Cost-of-living concerns causing shoppers to cut back
That’s according to the latest data from the British Retail Consortium (BRC).
While it found that overall retail sales increased by 5.7% in April, inflation meant that the actual volumes of both food and non-food products were down. As a result, while the amount spent increased, the actual amount being bought fell in the month.
Helen Dickinson chief executive of the BRC, noted that shoppers were continuing to “adjust spending habits”, with clothing sales in particular underperforming, in part due to poor weather.
She added: “Retailers hope sales will improve over the warmer summer months, especially as consumer confidence stabilises and inflation begins to ease. However, they continue to face huge cost pressures from a tight labour market, high energy prices, and other rising input costs, with many retailers reporting lower profits this year as a result.
“Government needs to ensure that any additional regulatory cost burdens are kept to a minimum as these add to inflation.”
Paul Martin, UK head of retail at KPMG ‒ which works with BRC to collate the data ‒ suggested that consumer demand has been “fairly resilient” against high inflation and interest rates up to now.
However, he warned that with government energy support ending and household finances under pressure, “it is likely that the next few months will continue to be challenging as the consumer tank empties”.
How our spending is changing
The findings are echoed by new research from Barclays, which found that overall consumer card spending only grew by 4.3% in April, less than half the current consumer price index with housing (CPIH) rate of inflation.
For example, it found that spending on groceries increased by 5.5%, though the Office for National Statistics has determined the food inflation rate is now 19.2%.
Barclays also noted that spending on fuel dropped by 9.3%, due to falling petrol and diesel prices, though spending on public transport increased by 11.9% on a year ago.
The largest uplift was on utilities, which jumped by 34.4% on a year ago.
Despite the change in shopping habits, Barclays found that spending on non-essential items rose by 4.6% on a year ago, which it put down to Easter and bank holidays.

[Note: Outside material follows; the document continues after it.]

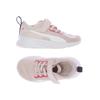 Puma Damen Kinderschuhe, Gr. 23, pink, kein Etikett
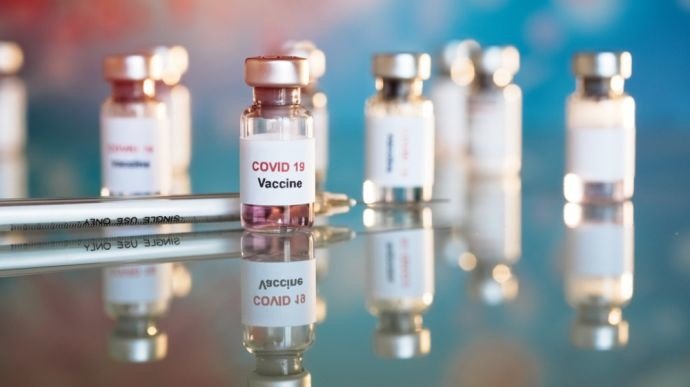 O‘zbekiston 13ta kompaniya bilan vaksina sotib olish bo‘yicha muzokara olib bormoqda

There was also a big rise on spending on entertainment of 12%, driven by ticket sales for concerns and shows.
Abbas Khan, UK Economist at Barclays, said that the high rate of inflation was squeezing disposable incomes, though this was somewhat offset by the drop in wholesale energy prices and the price cap.
He added: “The data suggests that pockets of the economy, particularly the leisure sector, enjoyed some renewed momentum in April. Going forward, while energy bills are set to fall from Q3, higher mortgage rates cloud the outlook as households continue to refinance at significantly higher rates through the year.”